### [Data extract]
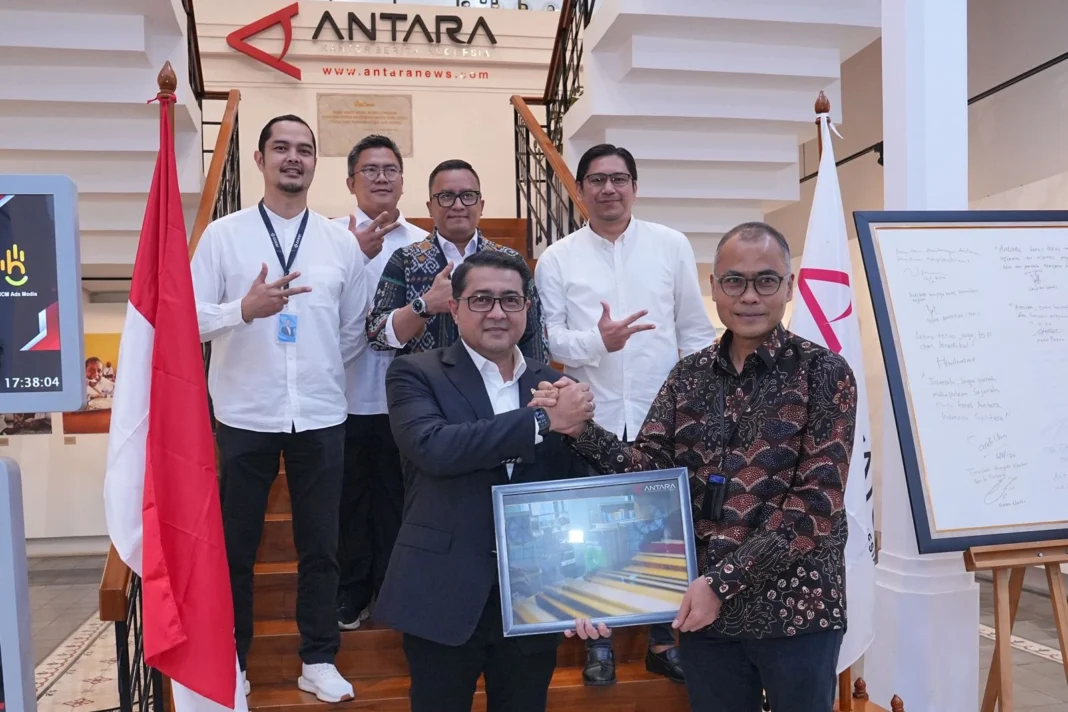 Teuku Riefky Harsya di Program On The Record LKBN Antara Kemenekraf dan LKBN Antara Kolaborasi Perkuat Promosi Ekonomi Kreatif Indonesia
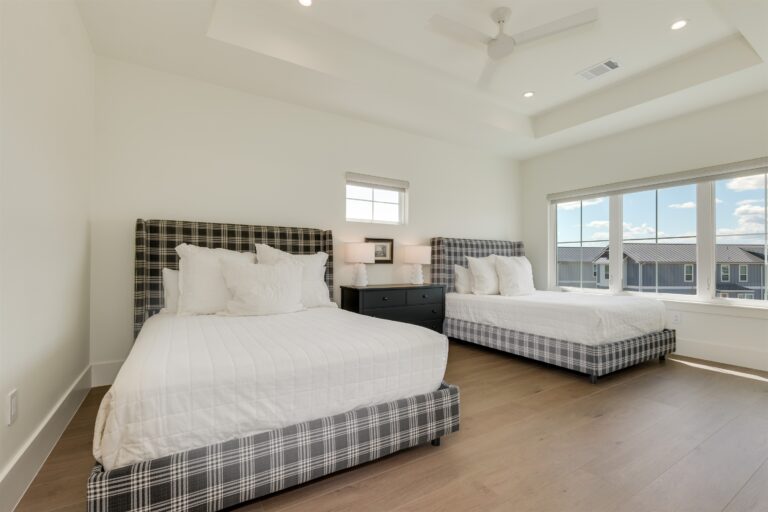 33fdd928c98b4fe1b6b41f1c85e6cfd1 LargeOriginal 768x512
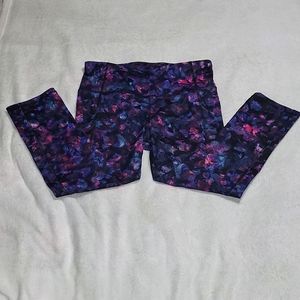 NWOT Avia Medium Multicolor Capri Workout Leggings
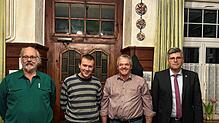 Landrat Martin Kistler (rechts) gratuliert dem Vorstand des BLHV (von links): Wilfried Kaiser wird als stellvertretender Vorsitzender ...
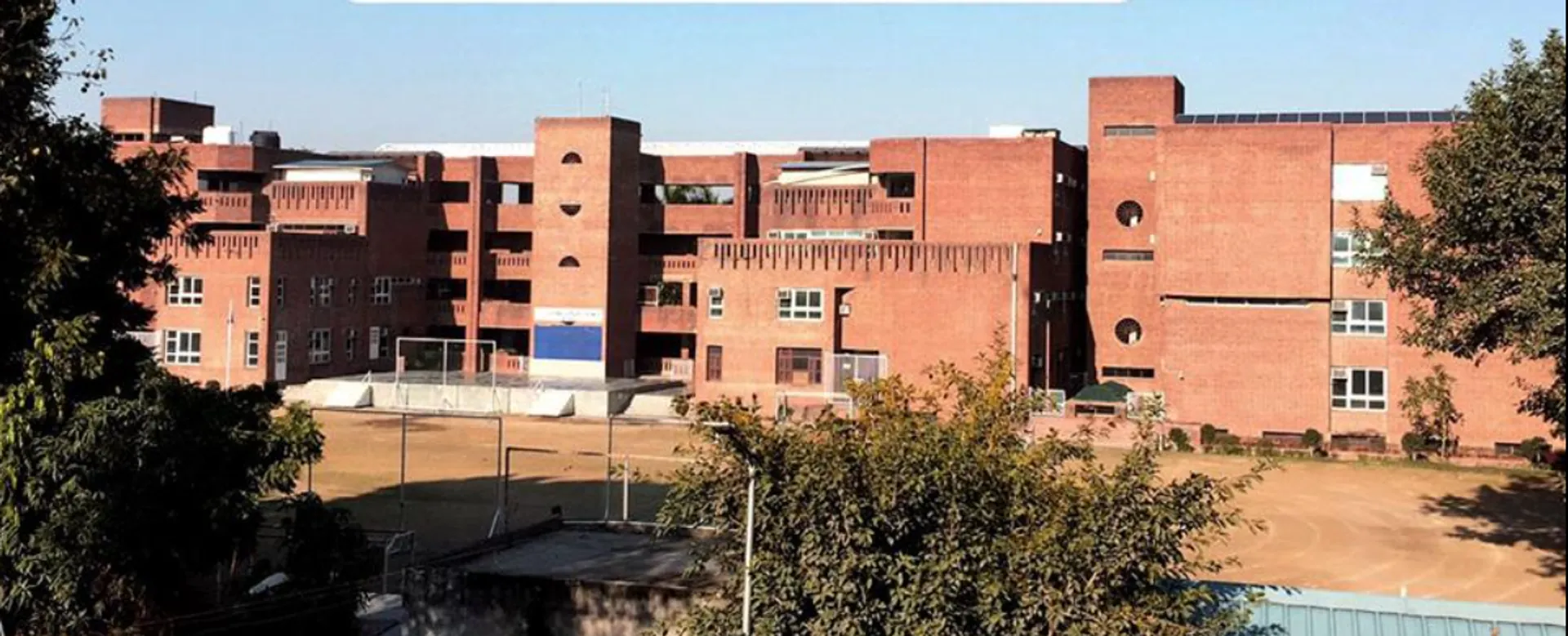 Sachdeva Public School campus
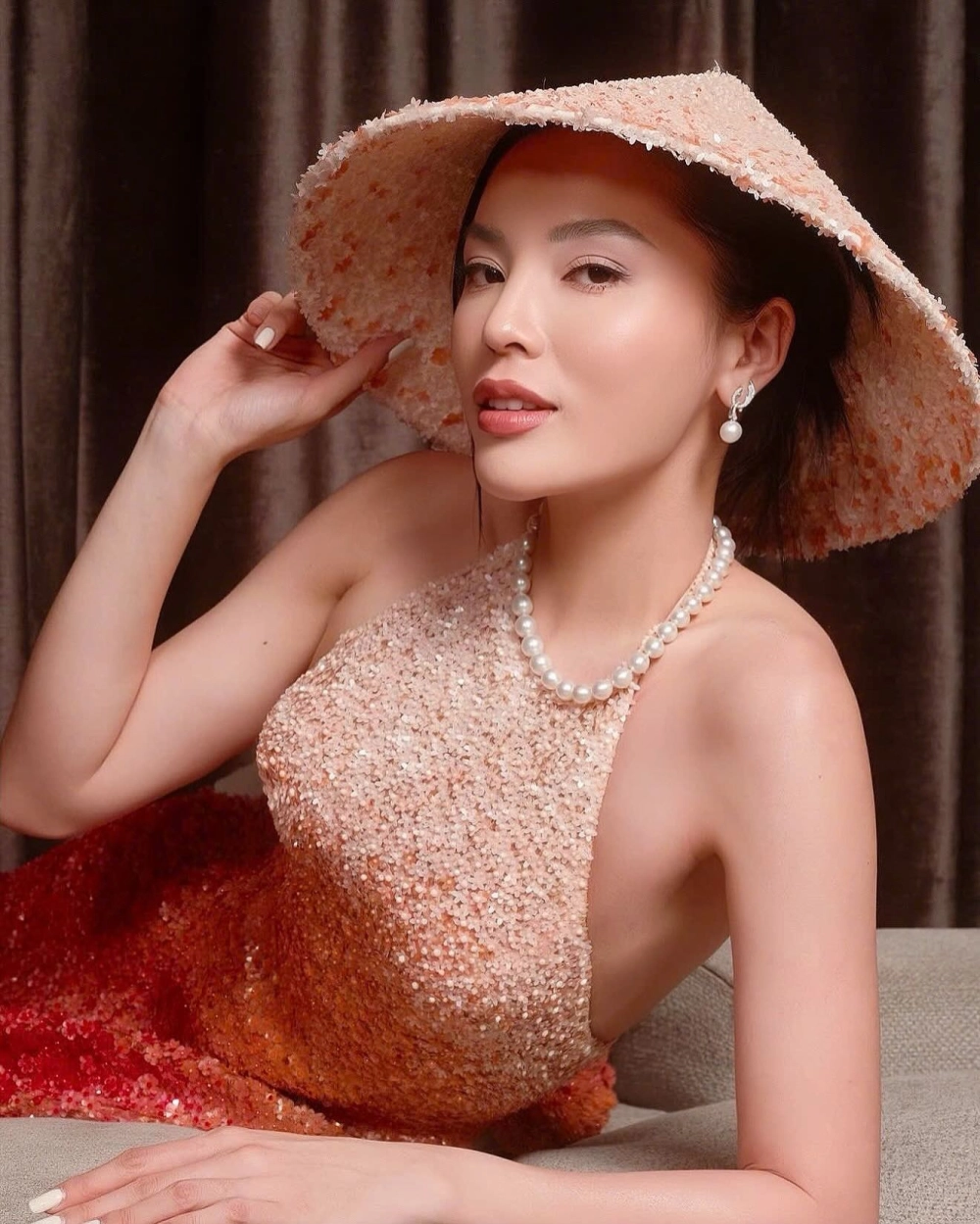 Nguyễn Cao Kỳ Duyên Hoa hậu Việt Nam là biểu tượng sắc đẹp đương đại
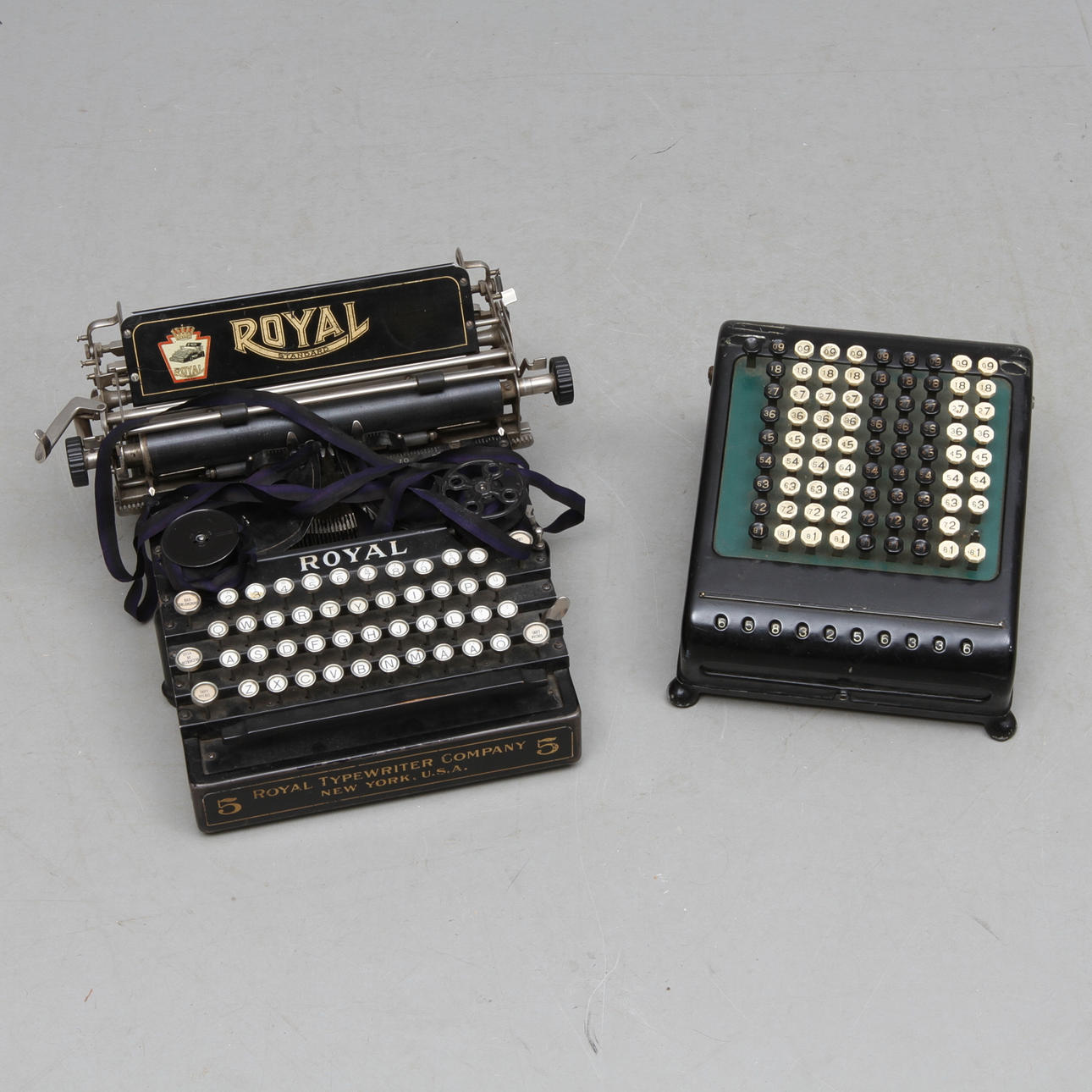 RÄKNEMASKIN samt SKRIVMASKIN, tidigt 1900-tal.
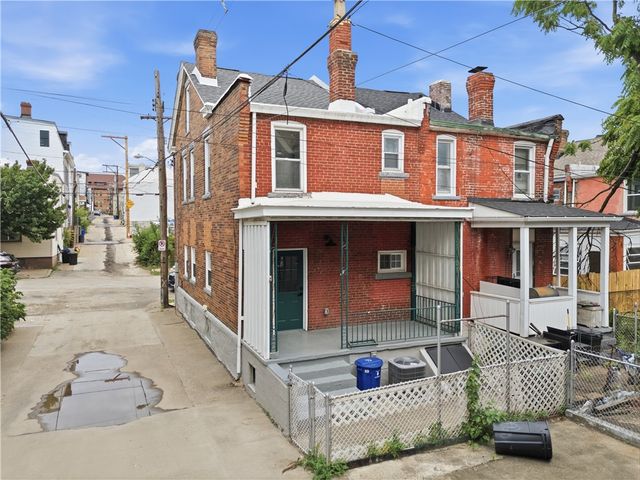 352 39th St, Lawrenceville, PA 15201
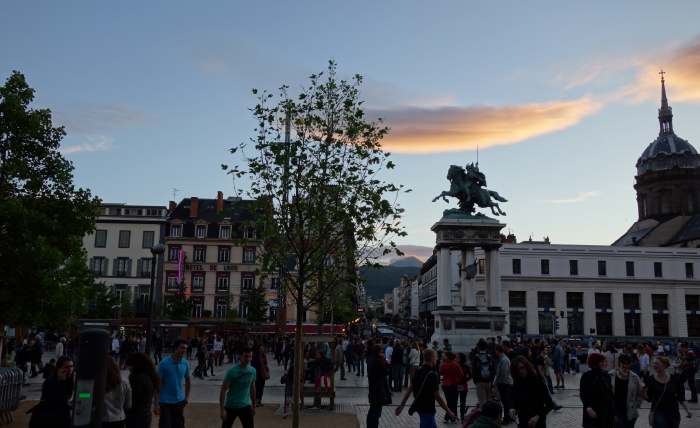— Puy de Dôme vu depuis la Place de Jaude — Fête de la musique — Clermont-Ferrand —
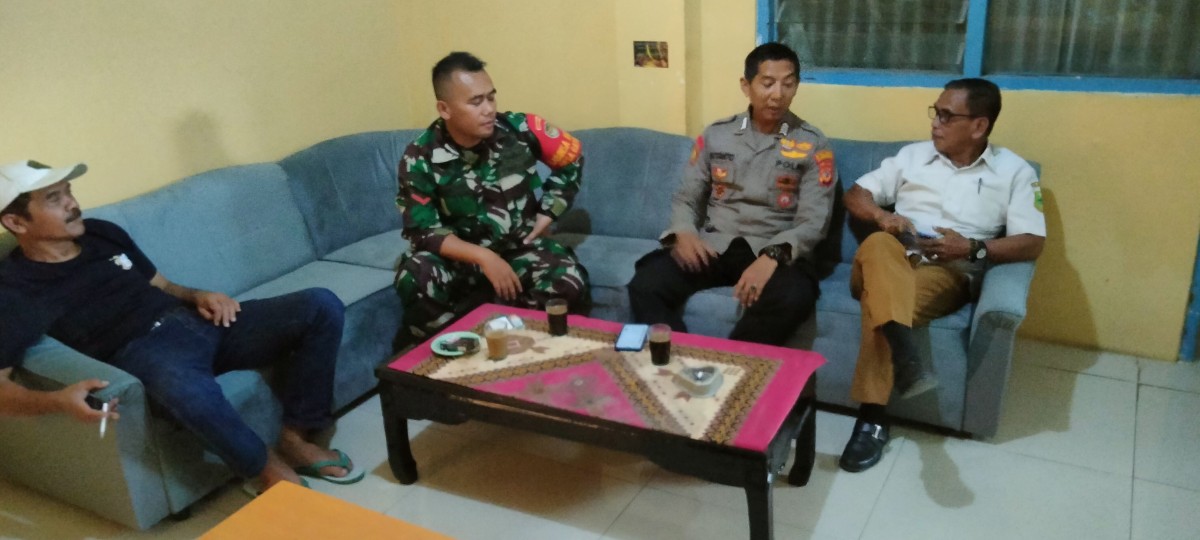 Babinsa Bayuning Komsos Bersama Pemdes, Perkuat Integritas dan Solidaritas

### [The task]
The answer consists solely of the lines from the one holding "Nguyễn Cao Kỳ" through the last line of the entries above, set down verbatim, without any pictures.

### [Output of the task]
 Nguyễn Cao Kỳ Duyên Hoa hậu Việt Nam là biểu tượng sắc đẹp đương đại
 RÄKNEMASKIN samt SKRIVMASKIN, tidigt 1900-tal.
 352 39th St, Lawrenceville, PA 15201
— Puy de Dôme vu depuis la Place de Jaude — Fête de la musique — Clermont-Ferrand —
 Babinsa Bayuning Komsos Bersama Pemdes, Perkuat Integritas dan Solidaritas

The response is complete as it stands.